The Golem of Prague

I’ve fallen behind on my resolution to write a brief bit about the books I read. Not a review, really, as much as things I thought of as a result of reading the book. Recently I read The Amazing Adventures of Kavalier & Clay by Michael Chabon, and I have just finished Some Danger Involved, by Will Thomas.

The latter of those two follows a template you might find familiar: A man in victorian London becomesan assistant to an almost legendary yet enigmatic private detective. Detective Barker has assembled around himself an odd menagerie and the newcomer, Thomas, gradually discovers that each of them, even the little dog, has hidden abilities. As the story progresses, he even discovers some hidden potential in himself.

The story takes place at a time when Jews were being purged from large parts of Europe (see “Fiddler on the Roof”). The Jews have been moving west, but when they reach England there’s no more west to go. As always happens when there is a large influx of refugees into a country, the people that are already there resent the newcomers, accuse them of taking jobs, and so forth.
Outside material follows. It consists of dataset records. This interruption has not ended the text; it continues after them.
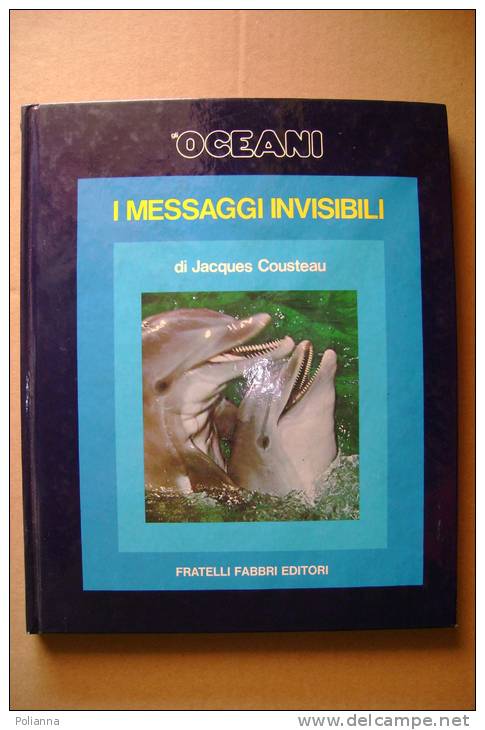 PBN/9 OCEANI - I MESSAGGI INVISIBILI Di Jacques Cousteau Fabbri 1981 / Pesci - Natur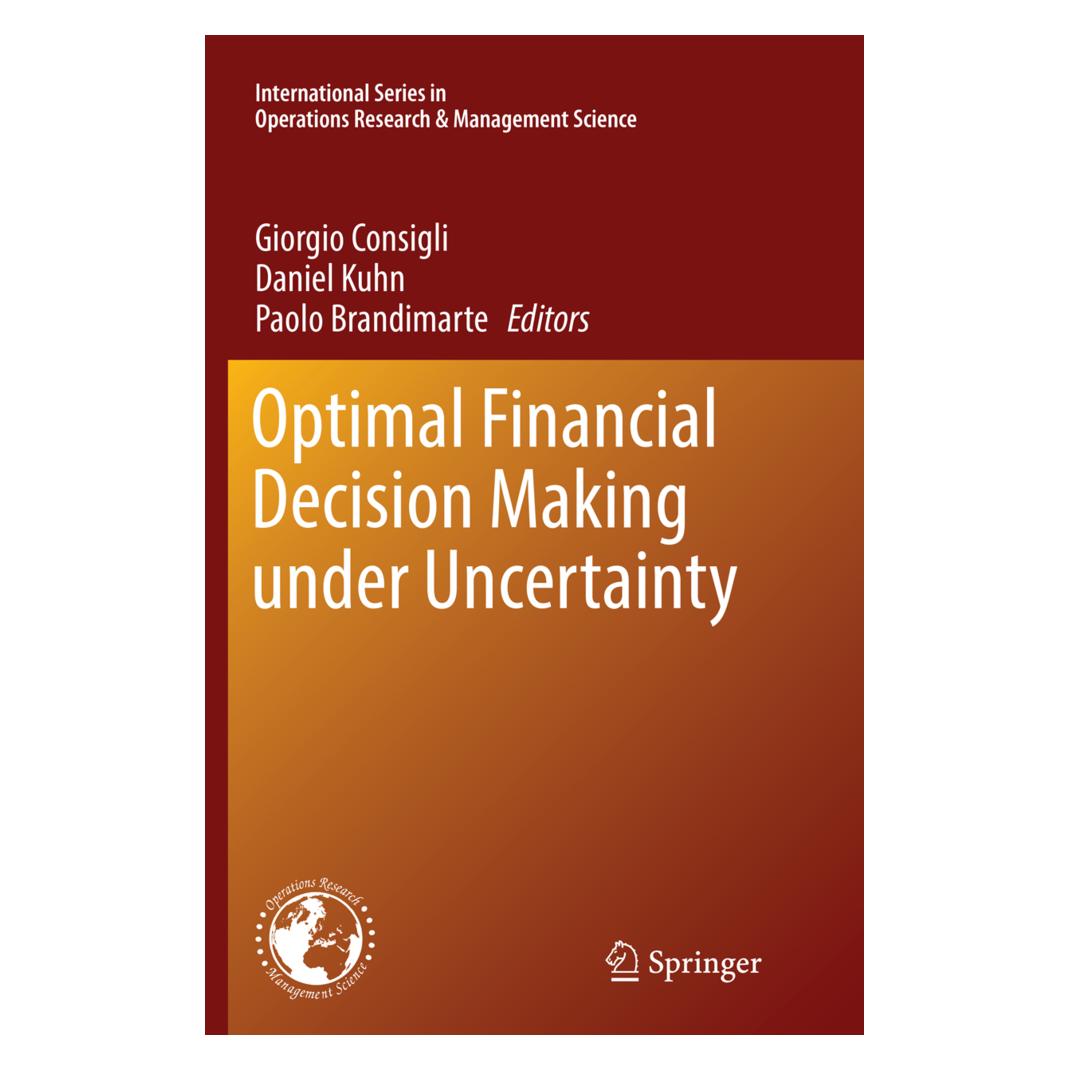 Springer Optimal Financial Decision Making under Uncertainty (Englisch, Softcover, Daniel Kuhn, Giorgio Consigli, Paolo Brandimarte) (56006935)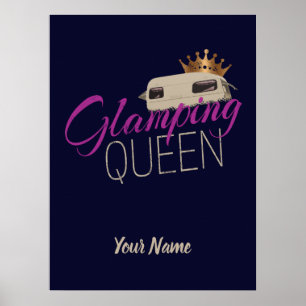Glamping Queen Camping with vintage caravans Poster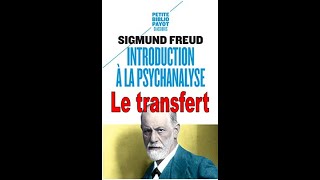 Introduction à la psychanalyse  Le transfert  S Freud [upl. by Atiuqiram]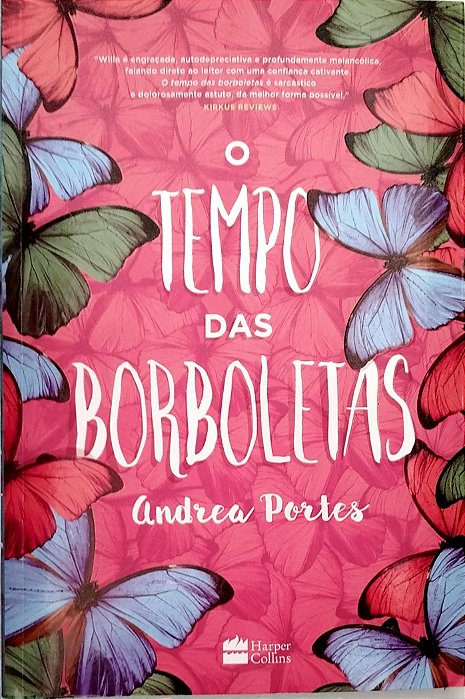 Livro o Tempo das Borboletas Autor Portes, Andrea (2016) [seminovo]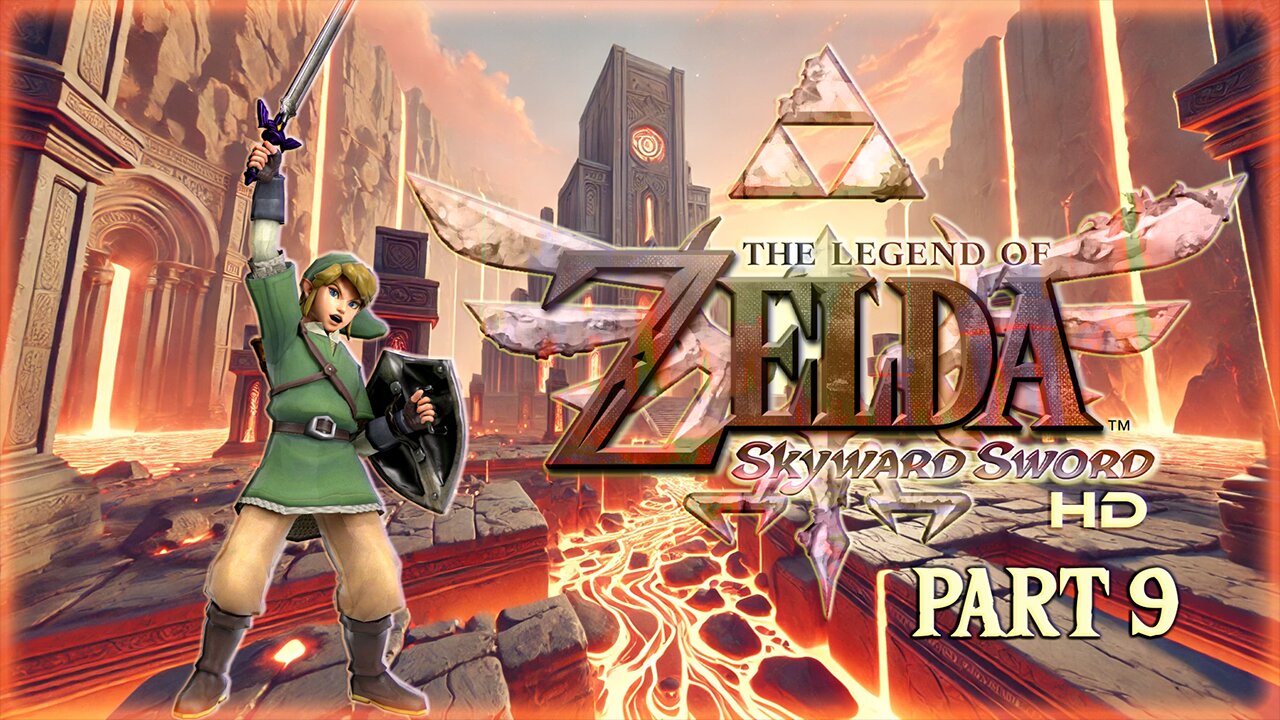 THE LEGEND OF ZELDA: SKYWARD SWORD HD (PART 9)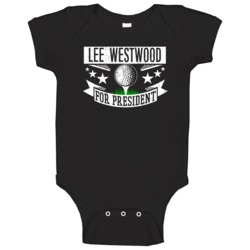 Lee Westwood For President Funny Golfer Sports Golf Baby One Piece Lee Westwood For President Funny Golfer Sports Golf Baby One Piece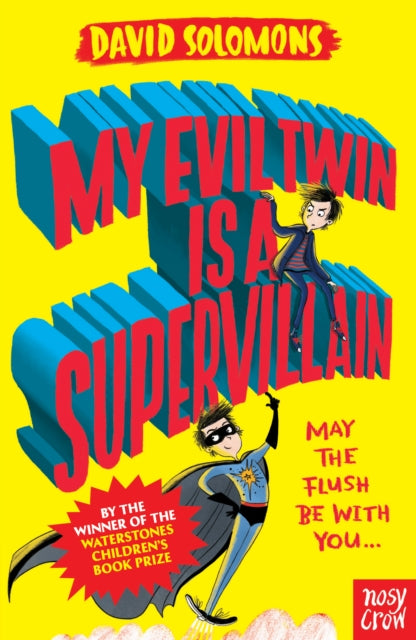 My Evil Twin Is a Supervillain : By the winner of the Waterstones Children's Book Prize-9780857639561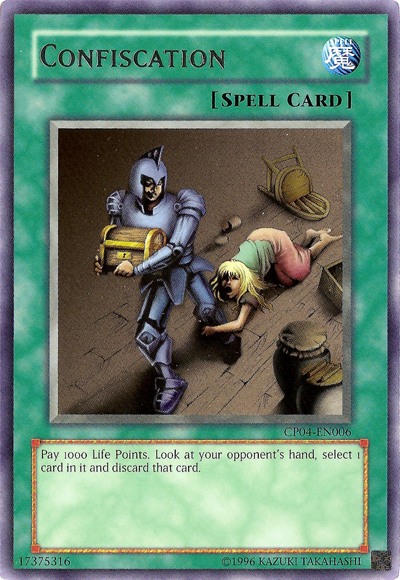 Confiscation [CP04-EN006] Rare | Odin's Place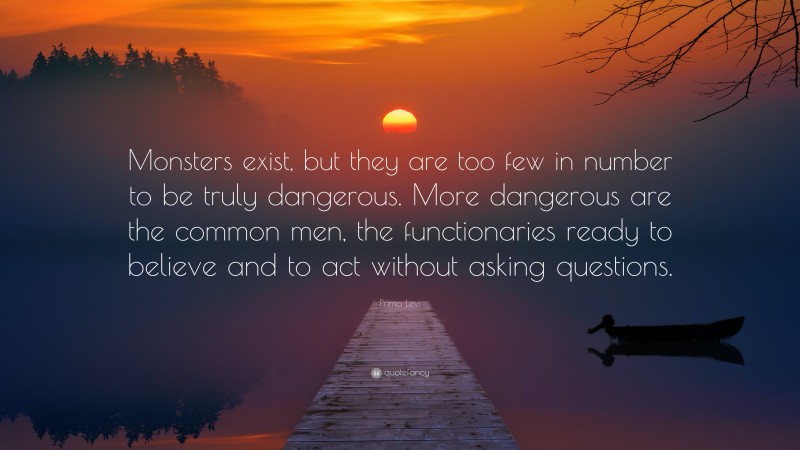 Primo Levi Quote: “Monsters exist, but they are too few in number to be truly dangerous. More dangerous are the common men, the functionaries ready to believe and to act without asking questions.”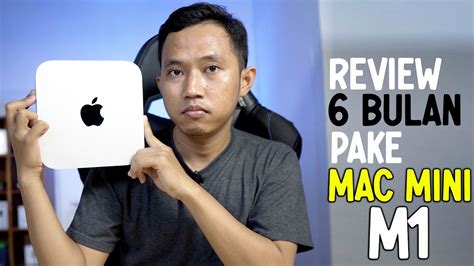 Review Apple Mac Mini M Laiqul Setelah Bulan Pemakaian Youtube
So far, London has been reasonably tolerant, but things start to come unglued in the face of a rather horrible murder — a young Jew has been crucified. Things are heating up, but none of the usual suspects seems to be the one behind the trouble.

It’s a good story, with twists and turns, and while the prose reflects the mannered speech of Victorian England it does not weigh down the modern ear. There is humor and intrigue, but not so much suspense. The whodunnit element was pretty easy to untangle early on, when the bad guy makes a mistake that is glossed over at the time, but was pretty much a giveaway. There are a few distractor suspects, but none of them are developed that much.

The good news is that I don’t think the author really intended for the story to hinge on the dramatic revelation at the end. It is more of an adventure story than a mystery, and a quite enjoyable one.

As the Jews are discussing how to defend themselves, the subject of the Golem of Prague comes up. The Golem was, legend has it, a creature of animated clay, created by a rabbi to protect the Jews there during some long-ago pogrom.

Clay. Reading that, I realized something about another book I read, something that should probably have been obvious. In Kavalier and Clay, Joe Kavalier is a Czech Jew who is a talented artist and a passable escape artist as well. His greatest escape was getting out of Nazi-occupied Czechoslovakia and reaching New York, with a bit of help from the Golem of Prague.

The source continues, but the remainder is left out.